→ YOUR GOAL: Give the listing again in full and exactly, apart from its pictures.

→ SOURCE DATA:
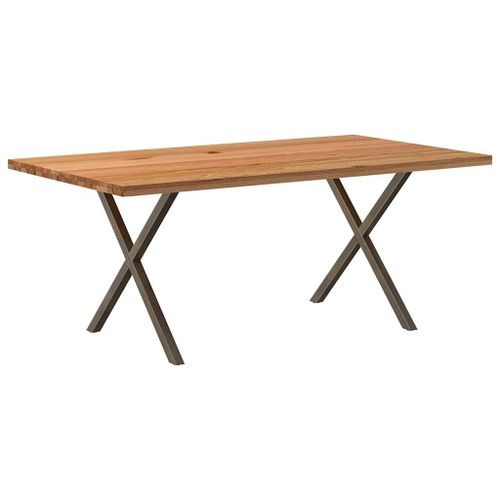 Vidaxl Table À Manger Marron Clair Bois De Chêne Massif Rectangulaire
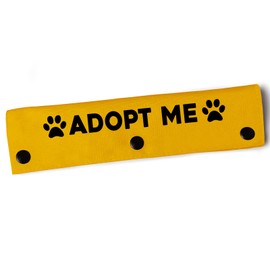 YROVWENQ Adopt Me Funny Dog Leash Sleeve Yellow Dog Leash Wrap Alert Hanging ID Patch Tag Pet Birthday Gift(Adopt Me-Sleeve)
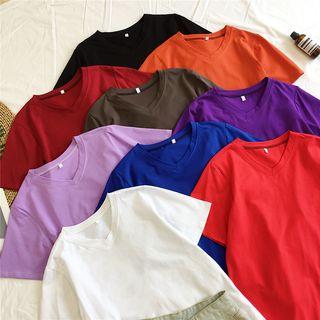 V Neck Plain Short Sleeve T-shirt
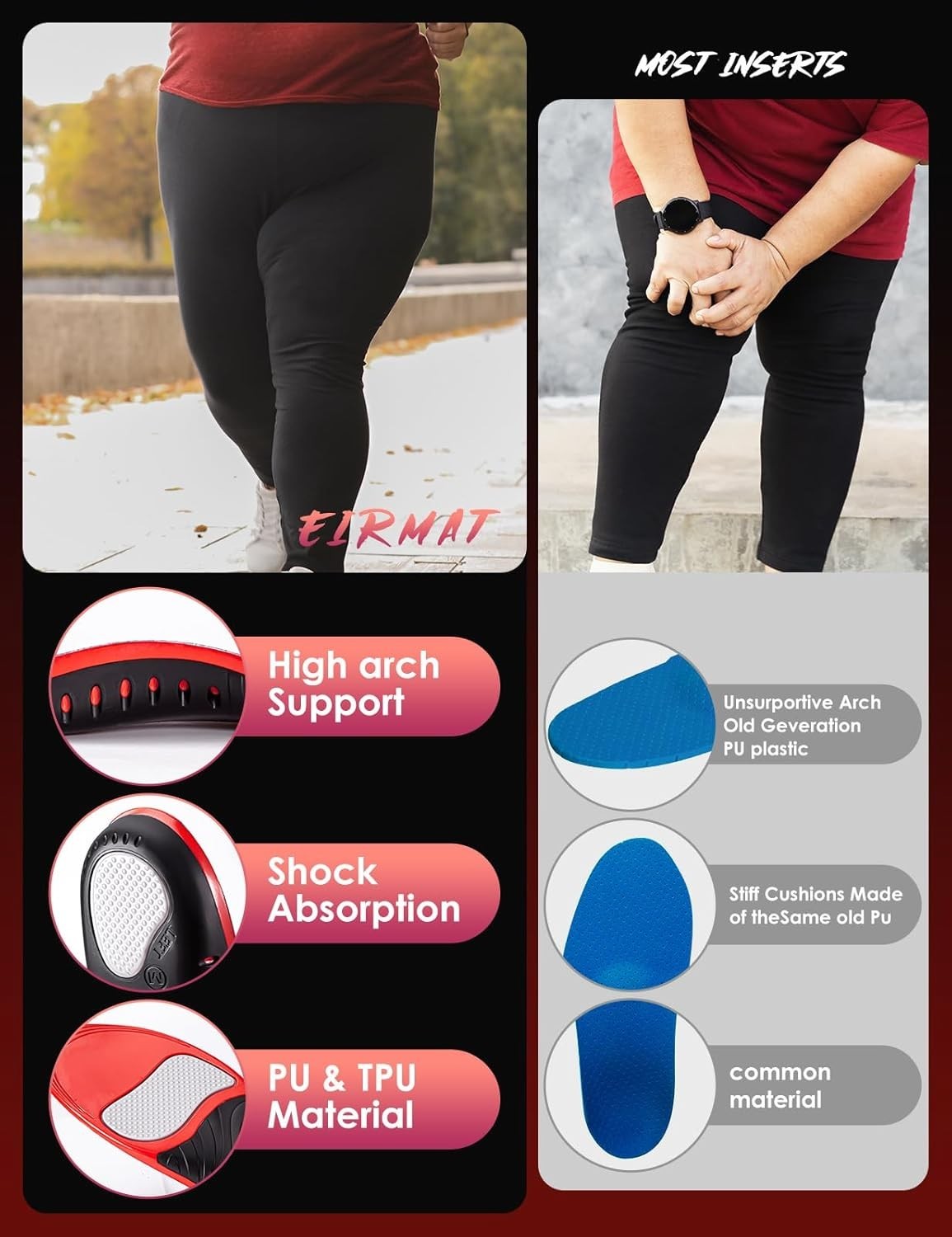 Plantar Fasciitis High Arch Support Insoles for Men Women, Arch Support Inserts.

→ YOUR RESPONSE:
 Vidaxl Table À Manger Marron Clair Bois De Chêne Massif Rectangulaire
 YROVWENQ Adopt Me Funny Dog Leash Sleeve Yellow Dog Leash Wrap Alert Hanging ID Patch Tag Pet Birthday Gift(Adopt Me-Sleeve)
 V Neck Plain Short Sleeve T-shirt
 Plantar Fasciitis High Arch Support Insoles for Men Women, Arch Support Inserts.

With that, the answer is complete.